# Car Servicing in Aberdeen - Bridge of Don Garage (Denmore) any good?



## simba (May 19, 2009)

Hi guys,

my car is due the big service - 37.5k miles typically - so can anyone recommend a reputable local garage for this - preferably in the Bridge of Don area.

my stealer is asking for £275 which i think is alot. i didnt know 3rd party garages could service cars under warranty either but now i do :lol:

I work in Bridge of Don and came across Denmore Garage which seems decent and cheap too. http://www.bridgeofdongarage.com/res_1024/index.php

i could save a decent amount of money here - but need some convincing.

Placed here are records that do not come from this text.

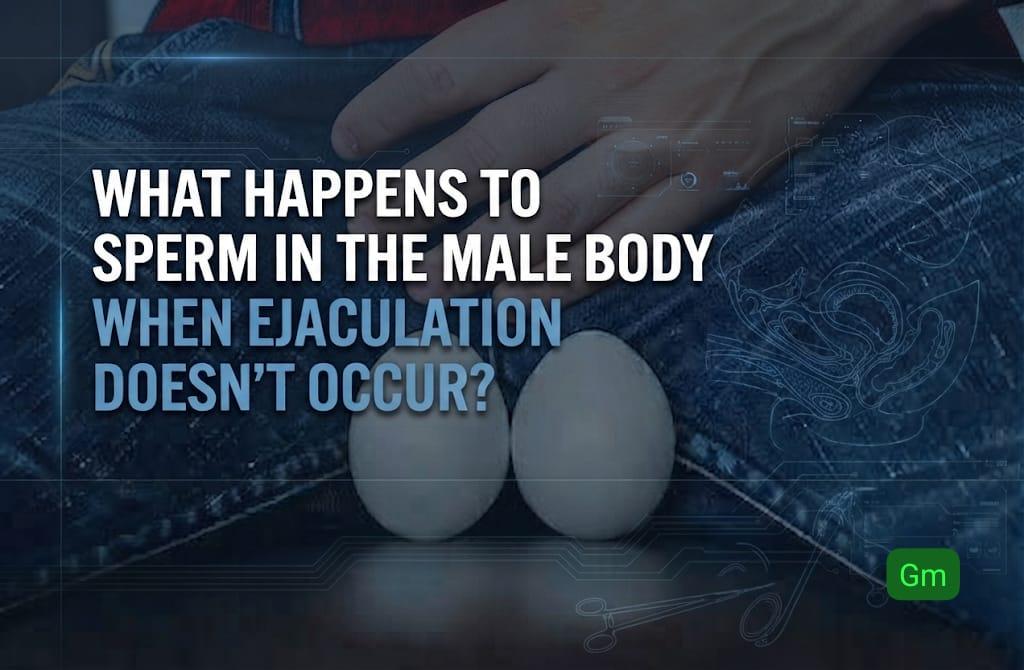 What Happens to Sperm in the Male Body When Ejaculation Doesn’t Occur?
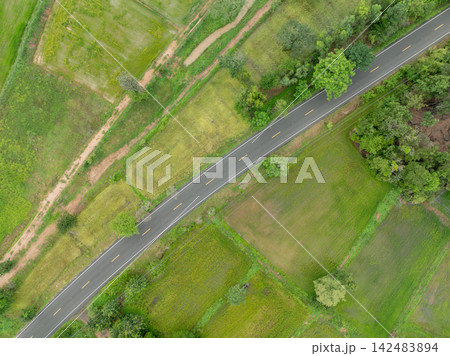Aerial top down view of asphalt road crossing green agricultural fields in rural countryside. Farmland and transport infrastructure connecting communities. Agricultural landscape. Farming landscape. Aerial top down view of asphalt road crossing green agricultural fields in rural countryside. Farmland and transport infrastructure connecting communities. Agricultural landscape. Farming landscape. 142483894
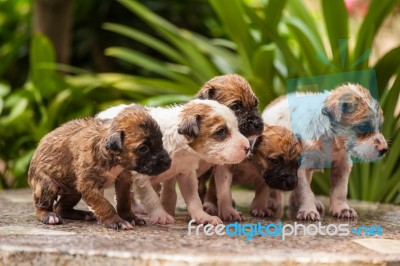 Close Up Of Washing Five Puppy Dog Stock Photo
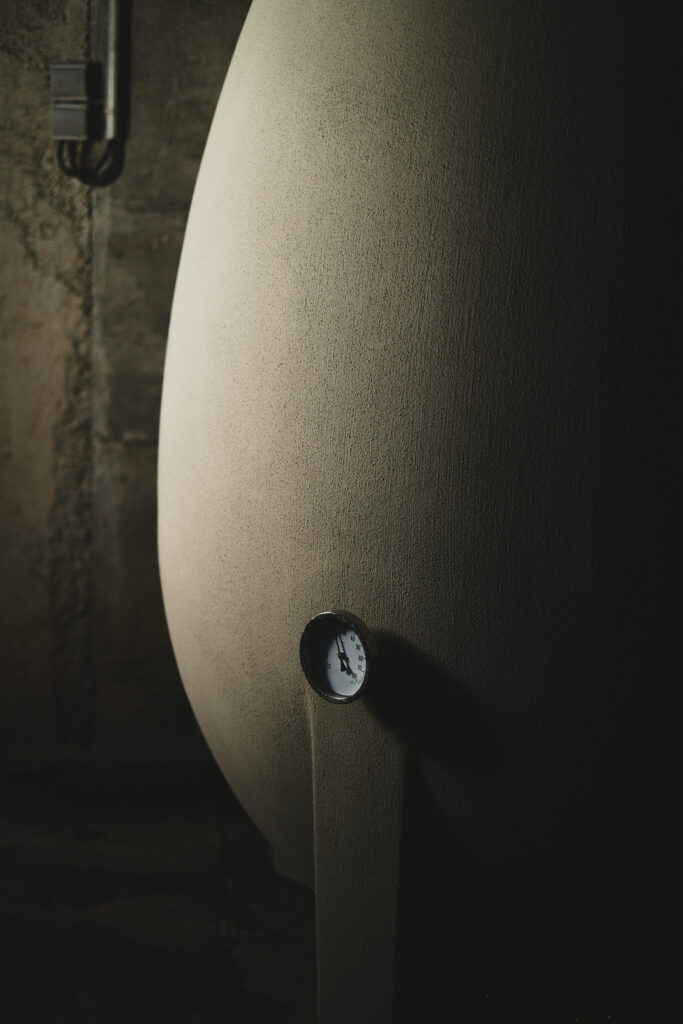 shooting domaine viticole cuve oeuf beton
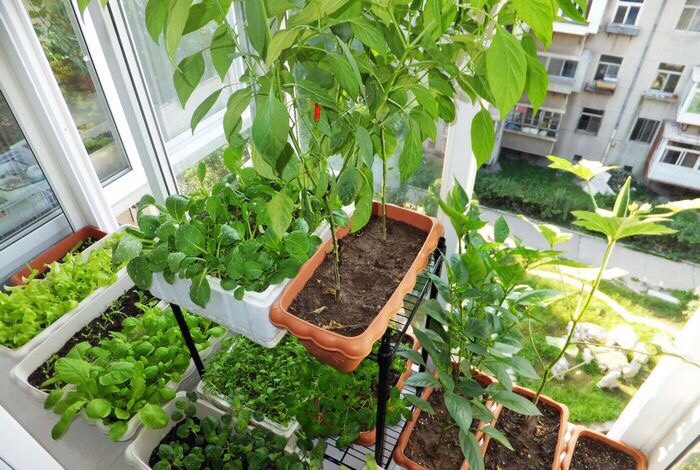 阳台种菜怎么种才能高产视频,阳台种菜方法如何把菜种好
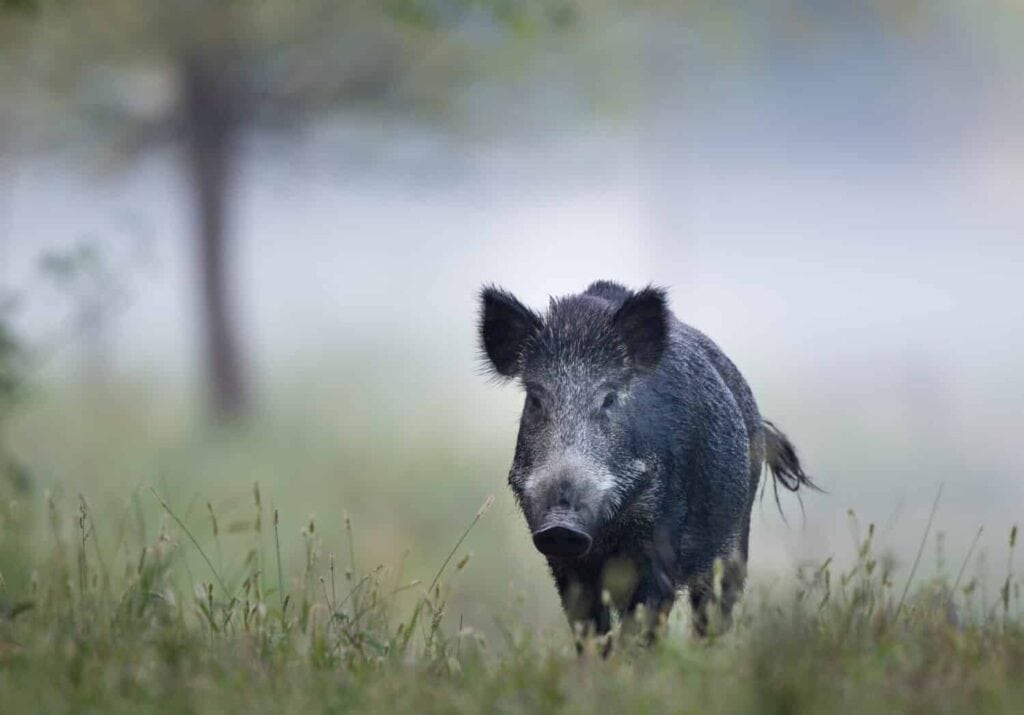 Wild boar (sus scrofa ferus) walking in forest on foggy morning and looking at camera. Wildlife in natural habitat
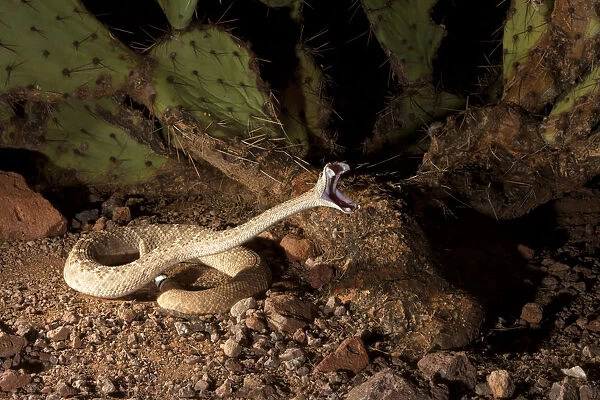 Western Diamondback Rattlesnake (Crotalus atrox) striking, Arizona, USA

Iv been told by Ford Arnold Clark that the fuel filter needs changed for sure as the acceleration is bucking...not 100% confirmed but the service should be replacing this filter so that could rule it out. Failing that its probably a warranty thing...(see here for the issue http://www.detailingworld.co.uk/forum/showthread.php?t=190093)

so guys please throw in some advice....and is Denmore decent...

thanks,

simba


----------



## Clark @ PB (Mar 1, 2006)

Never heard anything goor or bad so can't really comment mate, I know BOD is probably your preferred area but Rich and I both use Clark Motorsport who are located right behind us in Kintore - very knowledgeable guys and not as expensive as you may think :thumb:


----------



## simba (May 19, 2009)

Theres also Car-Clinic up the road too on Broadfold road, BoD.

anyone used them?

http://www.car-clinic.co.uk/


----------



## Clark @ PB (Mar 1, 2006)

One of our contract clients used car clinic once for their Alfa and swore never to use them again, I'll leave it at that


----------



## simba (May 19, 2009)

Clark @ PB said:


> One of our contract clients used car clinic once for their Alfa and swore never to use them again, I'll leave it at that


google reviews seem to be showing the same response.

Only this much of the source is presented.